#### Prompt:
Please repeat nothing except the lines from the one containing "Реле 24V 30A" through the end of the records, exactly and without pictures.

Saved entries
──────────

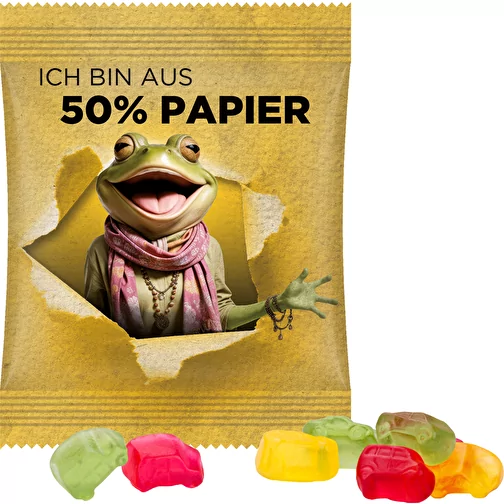 Mini-sachet 10 g, gomme aux fruits formes standard, Image 1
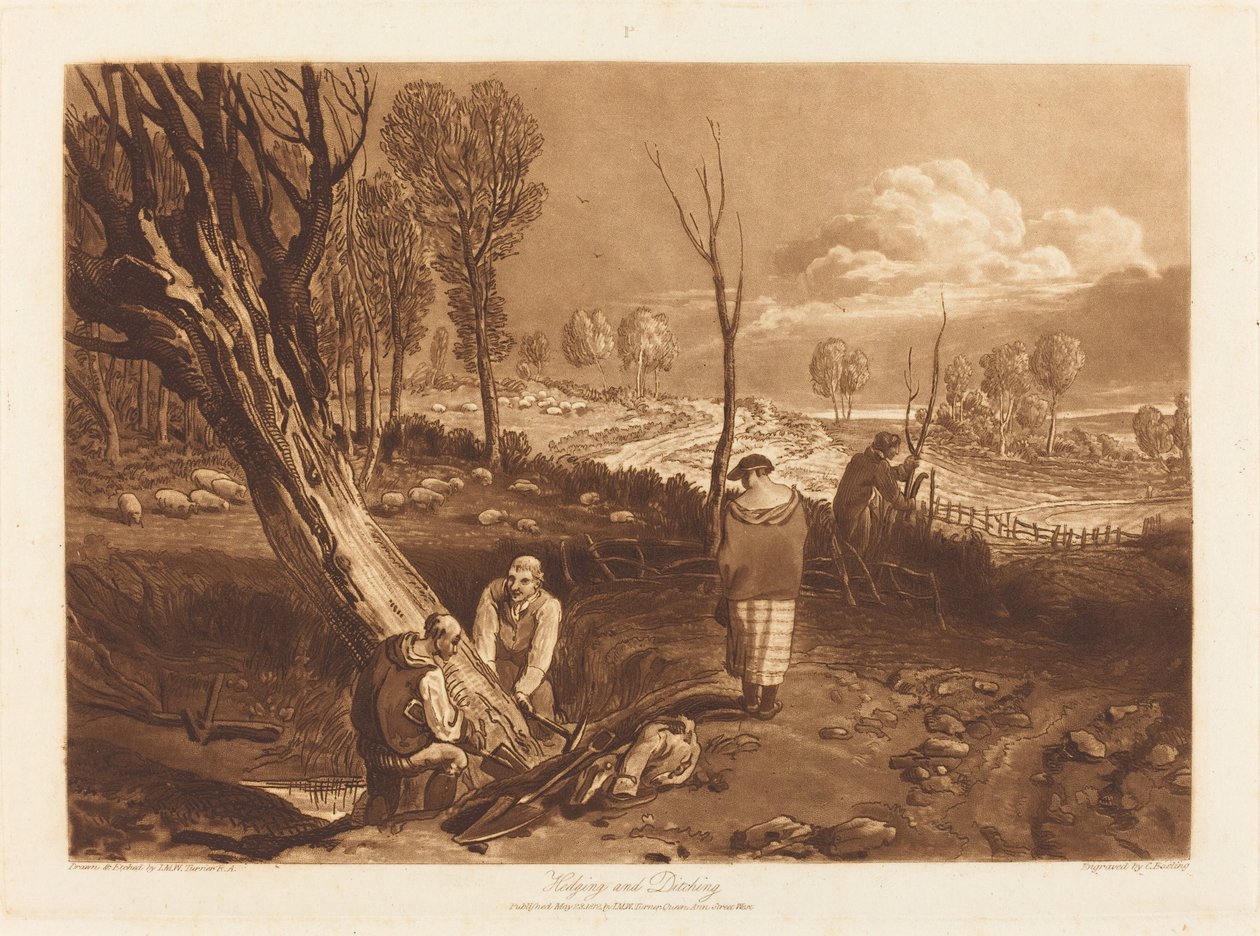 Fedezetelés és árokvágás alkotó: Joseph Mallord William Turner and J.C. Easling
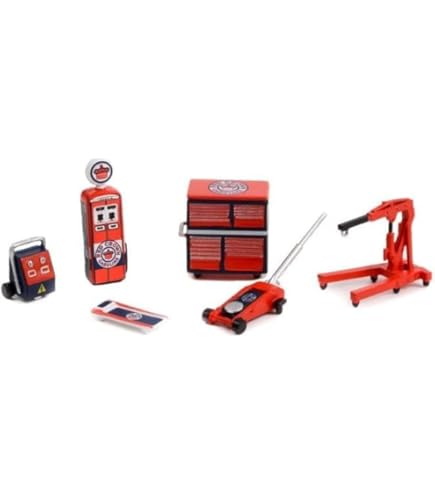 Amazon.com: ModelToyCars Union 76 Four-Post Lift, Orange and Blue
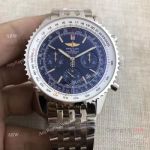 Breitling 1884 Chronometre Navitimer Blue Face Watch 46mm or 42mm-Best Breitling Watches Replica
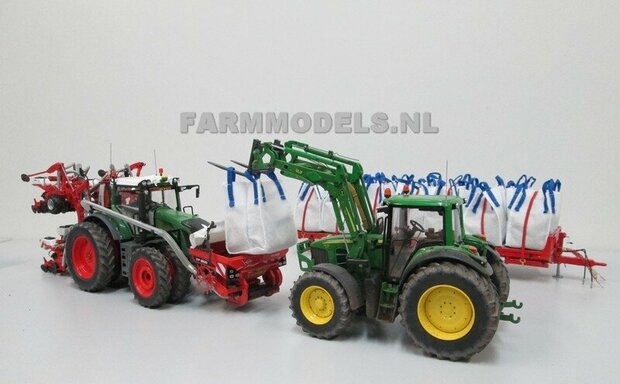 3x LEGE Big Bags met BLAUWE hijslussen, echt stof geschikt voor o.a. Kunstmest, pootgoed, zand en grind 1:32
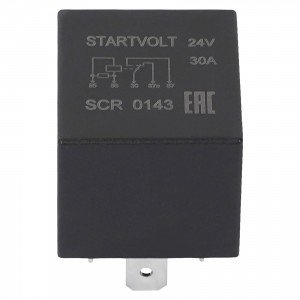 Реле 24V 30A 5 конт. для а/м Sitrak C7H/Howo T5G/T7H (SCR 0143) SCR 0143 START VOLT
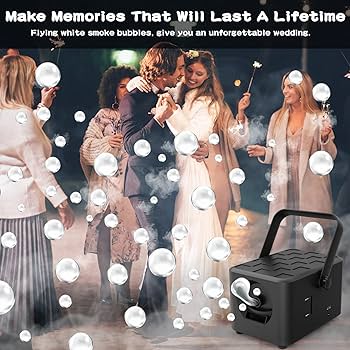 Amazon | フォグバブルマシン 高出力スモークバブルブロワー 5000個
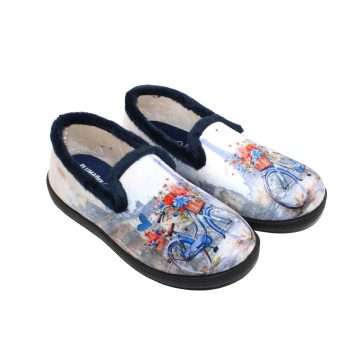 ZAPATILLA CERRADA BICI FLORES (R12215B) BICI FLORES - ROAL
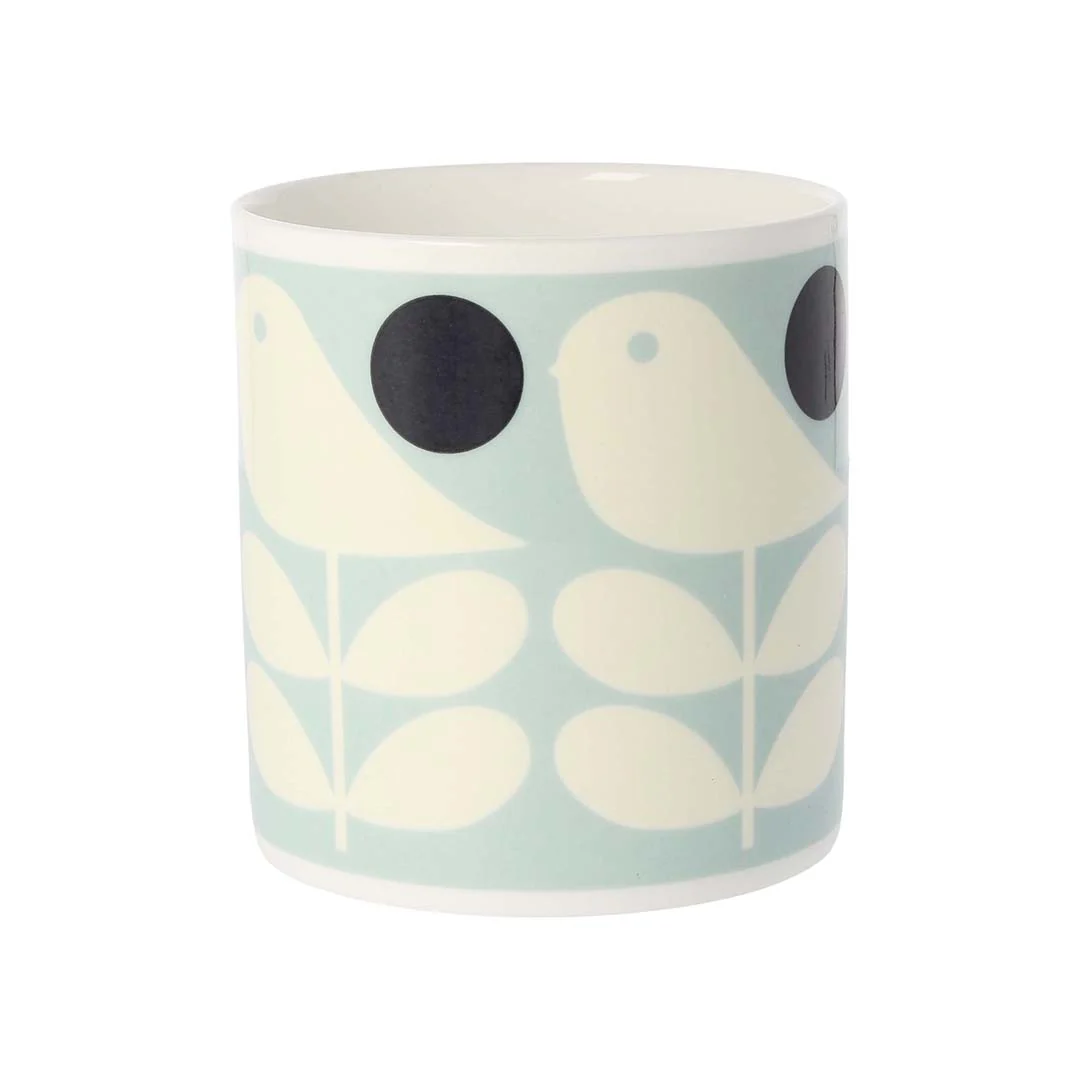 Orla Kiely Early Bird Light Blue Mug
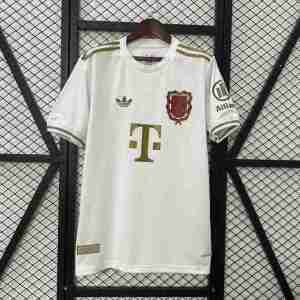 Thailandia Maglietta Calcio Bayern Monaco 125th 2025 2026 Bianco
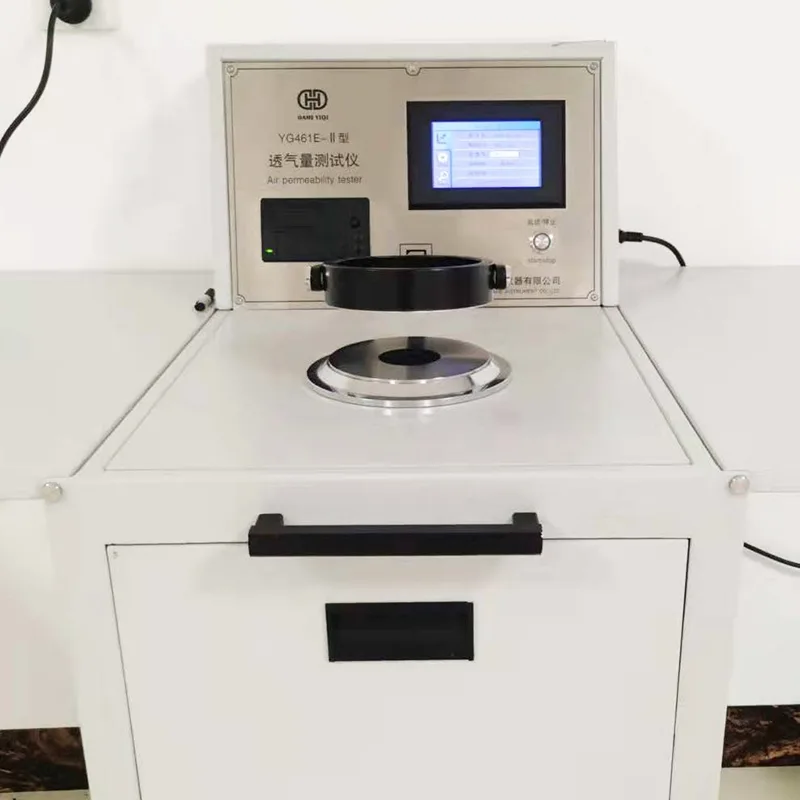 YG461E Hava Keçirmə Test Cihazı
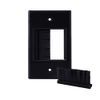Construct Pro Single-Gang WideMouth Décor Brush Plate (Black Plate w/Black Brush)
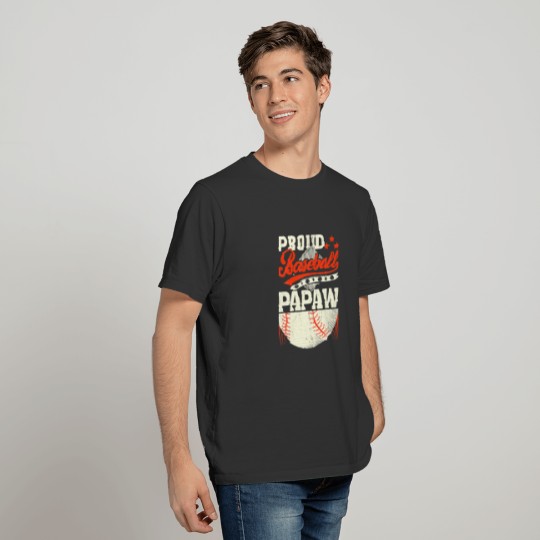 Proud Baseball Papaw Mother's Day Father's Day Spo T-shirt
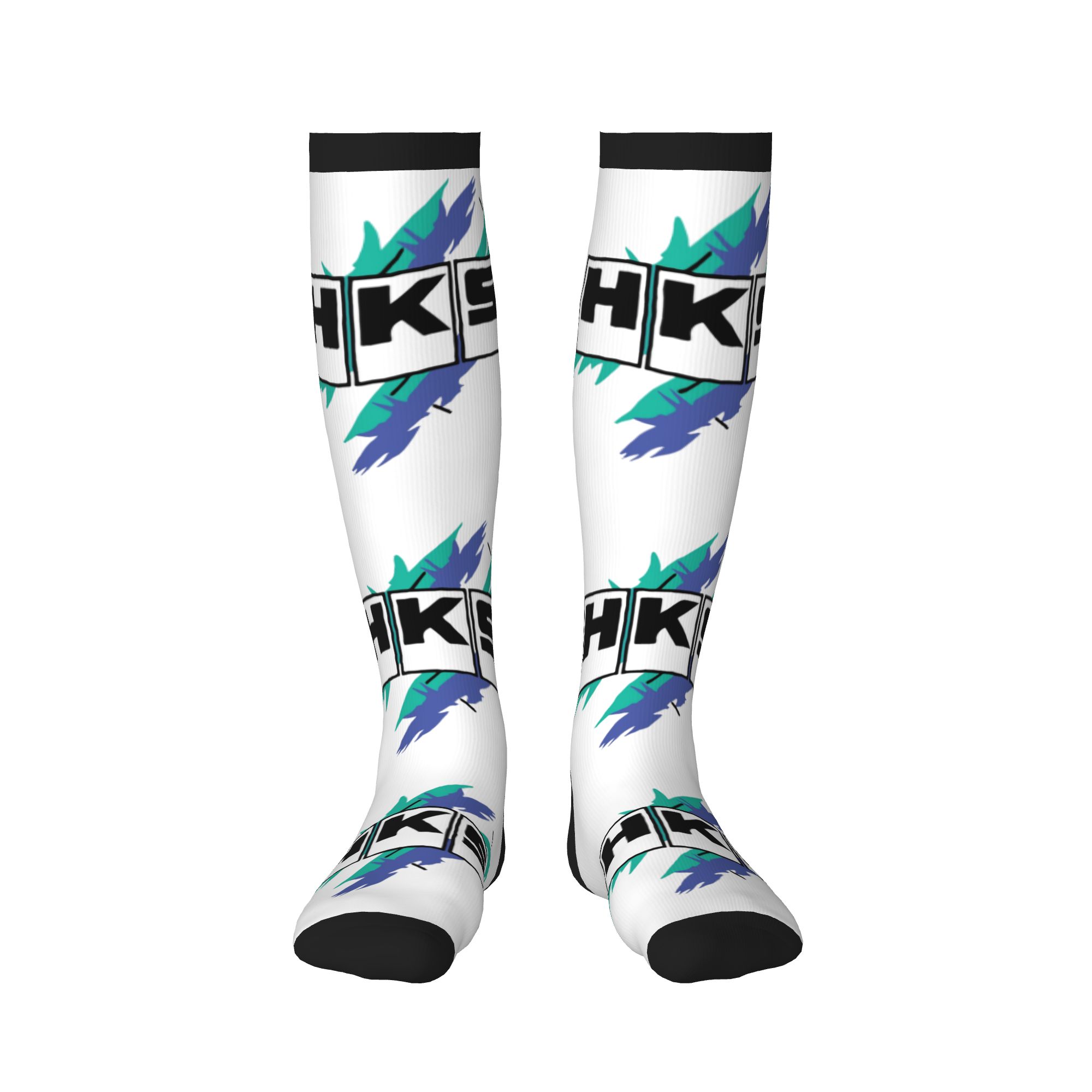 ถุงเท้าลายแฟชั่น HKS โลโก้สไตล - Men'S Fashion Logo บทวิจารณ์และราคา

──────────

#### Solution for this exercise:
 Реле 24V 30A 5 конт. для а/м Sitrak C7H/Howo T5G/T7H (SCR 0143) SCR 0143 START VOLT
 Amazon | フォグバブルマシン 高出力スモークバブルブロワー 5000個
 ZAPATILLA CERRADA BICI FLORES (R12215B) BICI FLORES - ROAL
 Orla Kiely Early Bird Light Blue Mug
 Thailandia Maglietta Calcio Bayern Monaco 125th 2025 2026 Bianco
 YG461E Hava Keçirmə Test Cihazı
Construct Pro Single-Gang WideMouth Décor Brush Plate (Black Plate w/Black Brush)
 Proud Baseball Papaw Mother's Day Father's Day Spo T-shirt
 ถุงเท้าลายแฟชั่น HKS โลโก้สไตล - Men'S Fashion Logo บทวิจารณ์และราคา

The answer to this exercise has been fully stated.